Why Price Controls Are the Wrong
Solution
While many might think that price controls are a nice,
practical solution to California's energy problems,
government-imposed price caps do not work. In fact, they generally
prolong the problem by inhibiting the necessary role prices play in
markets as the visible measure of supply and demand. That prices
must remain unfettered by government controls for markets to work
efficiently is economic canon beyond political ideology. As Robert
Litan of the Brookings Institution recently noted, "Ninety-five
percent of economists would say that price controls are always dumb
or that there should be a very strong presumption against price
controls. They lead to artificial scarcity and then perpetuate
it."
The nationwide price controls on oil imposed by President Richard Nixon in the 1970s provide a precedent. As with the current crisis, the objective of those price controls was to ensure adequate supply of petroleum products (particularly gas) at reasonable rates by constraining price increases. Not surprisingly, the artificially low prices for gas failed to curtail consumption; they also removed incentives for producers to increase supply through less efficient (and therefore more expensive) means of production or by expanding capacity through investment. History demonstrates that this centralized price and allocation regulatory system led to long gas lines and other problems.

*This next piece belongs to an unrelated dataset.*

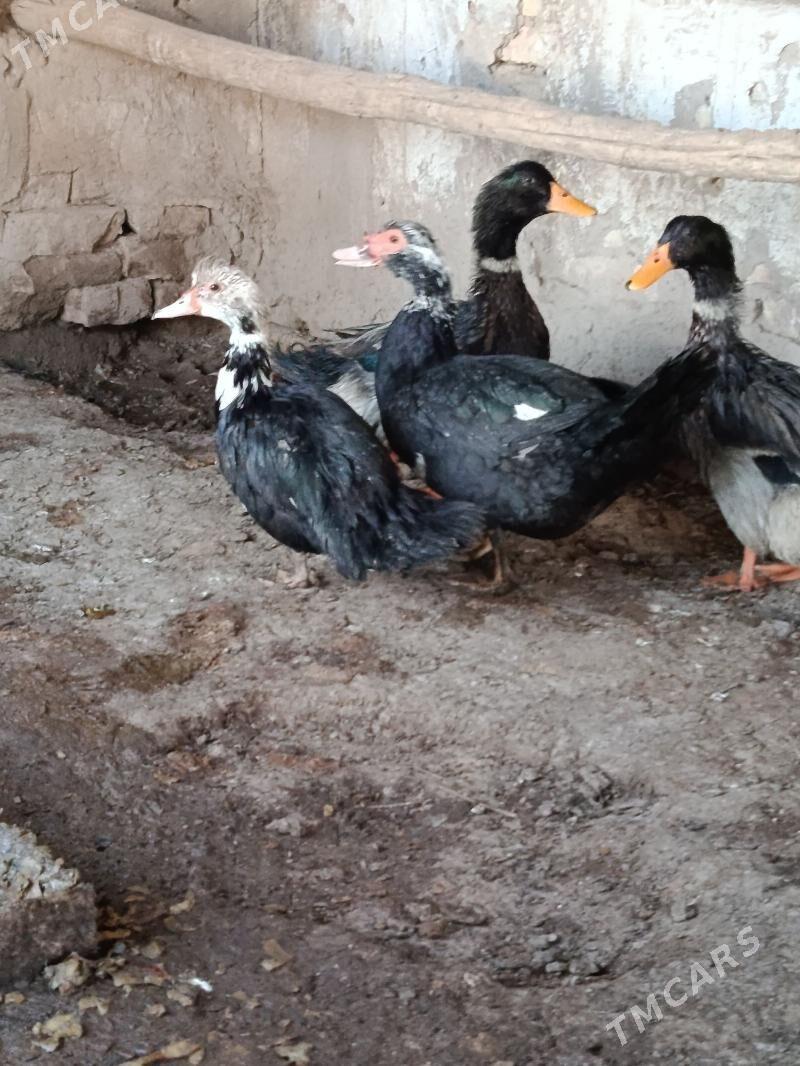 induşka ordek - Şabat etr. - img 1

The value of history is that it can keep policymakers from repeating prior mistakes. Many in Congress, however, refuse to learn from experience. Instead, they are poised to exacerbate supply shortages for short-term political popularity--a self-indulgent strategy that is doomed to a long-term policy failure and that will be harmful for consumers.
Conclusion
If FERC imposes wholesale price controls on electricity, it
will merely be repeating the errors of Governor Davis and other
shortsighted politicians whose ill-considered strategy led to
California's current crisis. Fixed consumer prices on electricity
undermined the impact that increased prices would have had on
consumption. It also drove two California electricity utilities
into bankruptcy when they could not pass their increased costs on
to consumers. This bad decisionmaking made new investment in the
power sector unprofitable, especially when combined with excessive
regulation.
California should serve as a lesson that partial deregulation cannot work. Intervening in California and Western states' wholesale electricity markets, whether by price caps or price mitigation, does nothing to solve the supply-demand imbalance and will only make matters worse. Members of Congress should remember the lessons of the 1970s and resist the temptation to do what is politically expedient. Instead, they should let the market operate freely. The U.S. House Appropriations Committee has taken a step in the right direction by opposing an amendment to the fiscal year 2001 supplemental spending bill to impose price caps on wholesale markets in California. The Senate should act responsibly and follow that lead.
Brett D. Schaefer is Jay Kingham Fellow in International Regulatory Affairs in the Center for International Trade and Economics, and Charli E. Coon, J.D., is Senior Policy Analyst for Energy and Environment in the Thomas A. Roe Institute for Economic Policy Studies, at The Heritage Foundation.